247 - Economist Lara Resende analyzes in an article in the newspaper Valor Econômico that "since the stabilization of chronic inflation with the Real - and more than 20 years have passed - the basic interest rate in Brazil has caused perplexity among analysts," and questions: "why so high?".
Resende states that "Brazil's very high rates have become even more difficult to explain in light of the deep recession of the last two years," and contrasts this with richer countries, whose rates are much lower than Brazil's.

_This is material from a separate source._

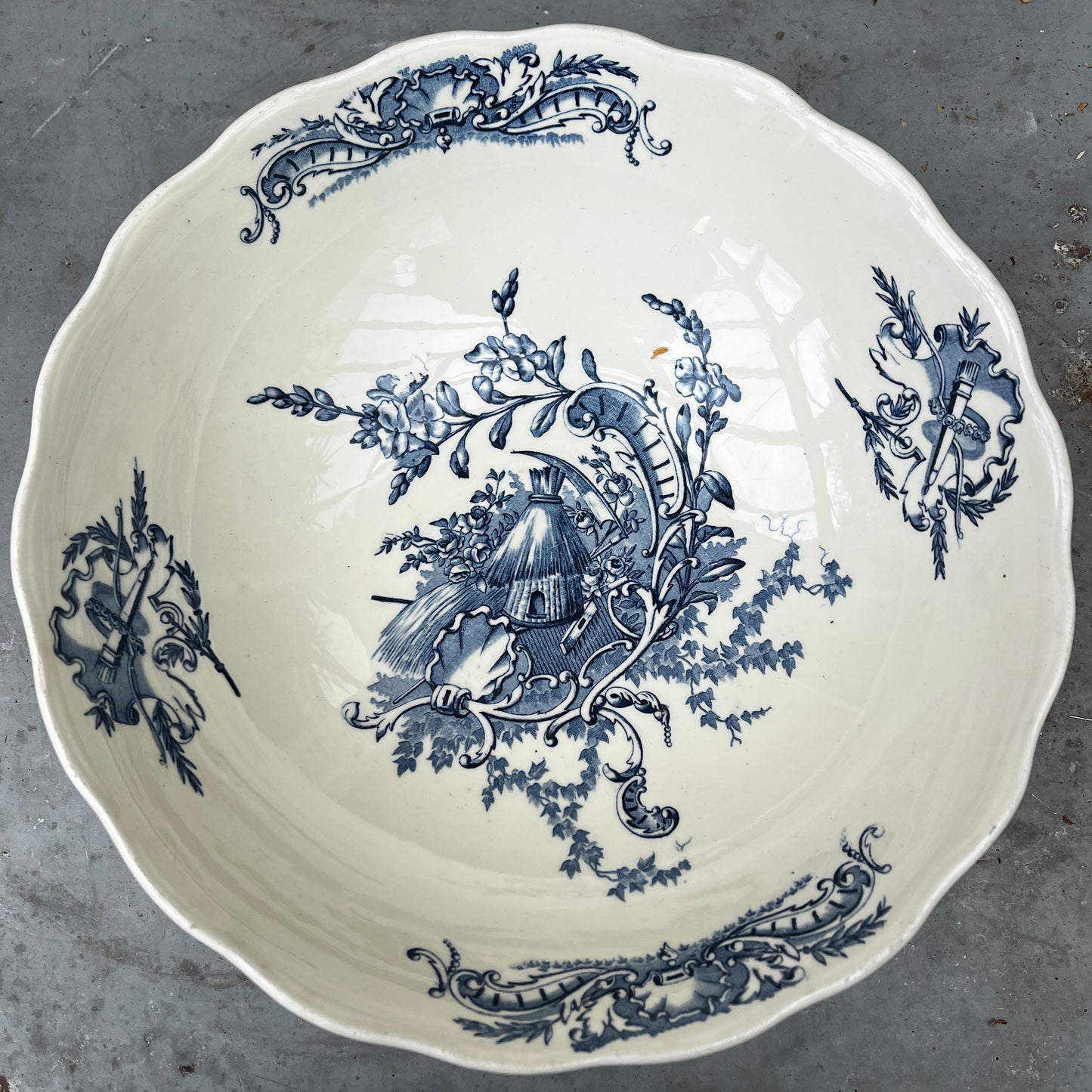 A Vintage French Blue & White Transferware Ironstone Bowl by Louis S & G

"How is it possible that after two consecutive years of GDP decline and rising unemployment, which has already surpassed 12% of the workforce, the interest rate in Brazil remains so high, while in the developed world interest rates are exceptionally low? For almost a decade in the United States and Europe, and for three decades in Japan, interest rates have been very close to zero, or even negative, but in Brazil the nominal rate is in double digits and the real rate remains above 7% per year," writes the economist.
Lara Resende believes that Brazilian interest rates are not yet strongly influenced by a "conservative system".
"The revolutionary experience of central banks in the developed world since the great financial crisis of 2008 leaves no doubt: all macroeconomic models that adopt some version of the Quantity Theory of Money (QTM) are wrong and should be definitively retired. Central banks have increased the money supply on an unprecedented scale," says Lara Resende.